With the 4.1.0 release, Amazon EMR introduced Zeppelin as an application that could be installed on an EMR cluster during set up. Zeppelin is installed on the master node of the EMR cluster and creates a Spark Context to run interactive Spark jobs on the EMR cluster where it’s installed. Also, Zeppelin notebooks are stored by default on the master node.
In this blog post, I will show you how to set up Zeppelin running “off-cluster” on a separate EC2 instance. You will be able to submit Spark jobs to an EMR cluster directly from your Zeppelin instance. By setting up Zeppelin off cluster, rather than on the master node of an EMR cluster, you will have the flexibility to choose which EMR cluster to submit jobs to, and can interact with your Zeppelin notebooks when your EMR cluster isn’t active. Finally, I will demonstrate how to store your Zeppelin notebooks on Amazon S3 for durable storage.
Make sure you have these resources before beginning the tutorial:
- AWS Command Line Interface installed
- An SSH client
- A key pair in the region where you’ll launch the Zeppelin instance
- An S3 bucket in same region to store your Zeppelin notebooks, and to transfer files from EMR to your Zeppelin instance
- IAM permissions to create S3 buckets, launch EC2 instances, and create EMR clusters
Create an EMR cluster
The first step is to set up an EMR cluster.
- On the Amazon EMR console, choose Create cluster.
- Choose Go to advanced options and enter the following options:
- Vendor: Amazon
- Release: emr-4.5.0
- Applications: Ensure that Hadoop 2.7.2, Hive 1.0.0, and Spark 1.6.1 are selected.
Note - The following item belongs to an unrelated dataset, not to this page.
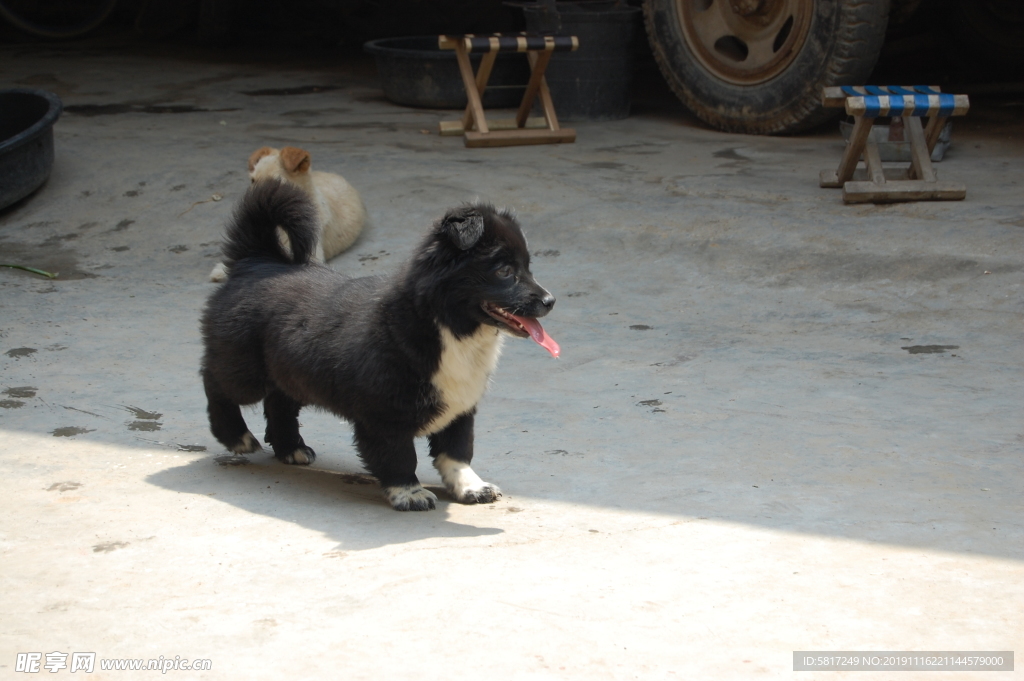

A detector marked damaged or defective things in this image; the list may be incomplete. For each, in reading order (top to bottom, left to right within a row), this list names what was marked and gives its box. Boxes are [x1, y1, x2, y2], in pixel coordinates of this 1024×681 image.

rusty wheel rim [679, 0, 815, 85]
Deselect Pig and Hue.
- In the Add steps section, for Step type, choose Custom JAR.
- Choose Configure and enter:
- JAR location: command-runner.jar
- Arguments: aws s3 cp /etc/hadoop/conf/ s3://<YOUR_S3_BUCKET>/hadoopconf –recursive
- Action on Failure: Continue
- Choose Add and add a second step by choosing Configure again.
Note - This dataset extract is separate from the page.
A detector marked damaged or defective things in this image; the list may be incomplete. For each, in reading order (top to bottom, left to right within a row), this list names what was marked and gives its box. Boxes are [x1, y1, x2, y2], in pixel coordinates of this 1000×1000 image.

- JAR location: command-runner.jar
- Arguments: aws s3 cp /etc/hive/conf/hive-site.xml s3://<YOUR_S3_BUCKET>/hiveconf/hive-site.xml
- Action on failure: Continue
- Choose Add, Next.
- On the Hardware Configuration page, select your VPC and the subnet where you want to launch the cluster, keep the default selection of one master and two core nodes of m3.xlarge, and choose Next.
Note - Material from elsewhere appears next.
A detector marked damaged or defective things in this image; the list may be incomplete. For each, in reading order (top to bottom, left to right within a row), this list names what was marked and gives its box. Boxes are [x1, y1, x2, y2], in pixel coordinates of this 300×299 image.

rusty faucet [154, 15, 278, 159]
- On the General Options page, give your cluster a name (e.g., Spark-Cluster) and choose Next.
- On the Security Options page, for EC2 key pair, select a key pair. Keep all other settings at the default values and choose Create cluster.
Your three-node cluster takes a few moments to start up. Your cluster is ready when the cluster status is Waiting.
Note: You need the master public DNS, subnet ID, security groups, and VPC ID for Master and Core/Task for use in subsequent steps. You can retrieve the first three from the EMR console, and the VPC ID from the EC2 Instances page.
Launch an EC2 instance with Apache Zeppelin
Launch an EC2 Zeppelin instance with a CloudFormation template.
- In the CloudFormation console, choose Create Stack.
- Choose Specify an Amazon S3 template URL, and enter the following
- Choose Next.
- In the next page, give your stack a name and enter the following parameters:
- EMRMasterSecurityGroup: Security group of EMR master.
- EMRSlaveSecurityGroup: Security group of EMR core & task.
- Instance Type: I recommend m3.xlarge for this procedure.
- KeyName: Your key pair.
- S3HadoopConfFolder: Replace <mybucket> with an S3 bucket from your account.
- S3HiveConfFolder: Replace <mybucket> with an S3 bucket from your account.
- SSHLocation: CIDR block that will be allowed to connect using SSH into the Zeppelin instance.
- ZeppelinAccessLocation: CIDR block that will be allowed to connect to Zeppelin Web over port 8080.
- ZeppelinSubnetId: Subnet where your EMR cluster launched.
- ZeppelinVPCId: VPC where your EMR cluster launched.
- Choose Next.
- Optionally, specify a tag for your instance. Choose Next.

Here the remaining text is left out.